Politics

Hillary Clinton thinks you can beat the right on immigration? Clearly, she's never heard of New Labour

For years, New Labour pursued a hard line on immigration with hateful language and exclusionary policies. The result? More people trusted the Conservatives

November 27, 2018
Former Prime Minister Tony Blair gives a speech in 2002. Photo: LSE Library/Flickr
Former Prime Minister Tony Blair gives a speech in 2002. Photo: LSE Library/Flickr

The only way to defeat the rise of the far-right, claimed Hillary Clinton last week, is to “get a handle on immigration,” The former Democratic presidential candidate said that Europe’s centre-left needed to “send a very clear message—‘we are not going to be able to continue to provide refuge and support’”.

Hillary Clinton clearly hasn’t heard of New Labour.

Under Tony Blair, New Labour passed five migration-related bills between 1997 and 2007. Each one was about making it harder for refugees and immigrants to live here.
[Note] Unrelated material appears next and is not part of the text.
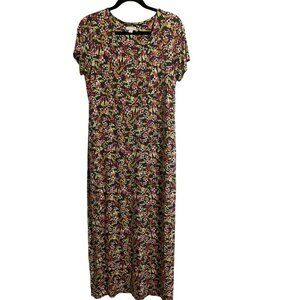 J. JILL Dress Floral Jersey Knit Tshirt Midi Everyday Casual Loungewear Small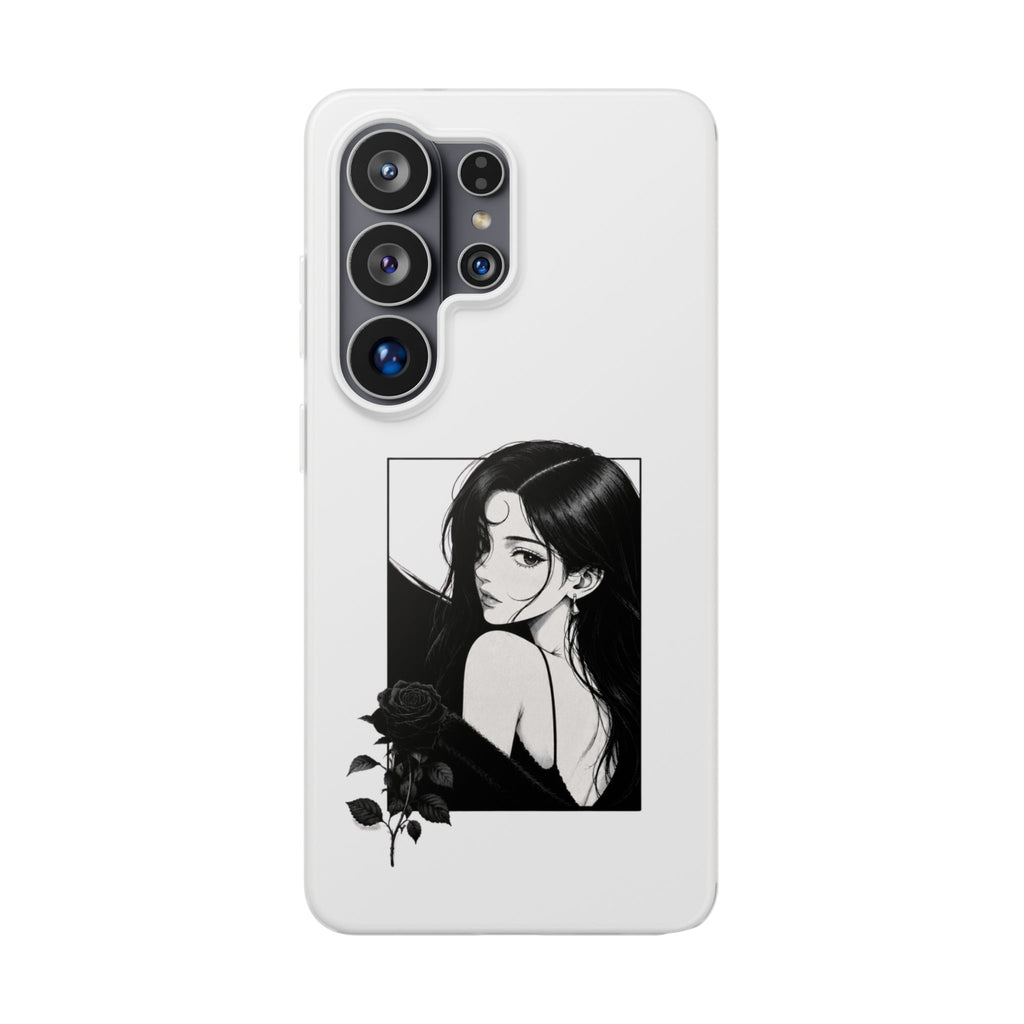 Anime Girl Noir Black Rose Illustration Flexi Case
Each one was accompanied by a wave of dehumanising languagein the media and political sphere.

One of the first pieces of legislation removed benefits from asylum seekers, replacing money with vouchers. These vouchers could only be spent on what the government deemed “essential”—something that didn’t include razors or toothpaste. Shops were banned from giving change, which meant parts of the already meagre allowance often went spent.

During this period, Labour liked to split asylum seekers up into “genuine” and “bogus.” The phrase “bogus asylum seeker” became so prevalent it was even used, without quote marks, in BBC news reports.

After Labour was re-elected in 2001, the new home secretary, David Blunkett, doubled down on both rhetoric and repressive policies. He warned of children of asylum seekers “swamping” local schools and introduced a bill banning them from attending. A year later he scheduled an interview with the Sun in which he vowed “tough measures to crack down on asylum cheats.”

Ahead of the 2005 election, Labour again played the immigration card. In a speech in Dover, Blair accused asylum seekers of “playing the system.” He attacked the Conservatives from the right, claiming they had “voted to restore benefits to asylum seekers in 1999 and argued against our proposals to remove support from families whose claimed were rejected.”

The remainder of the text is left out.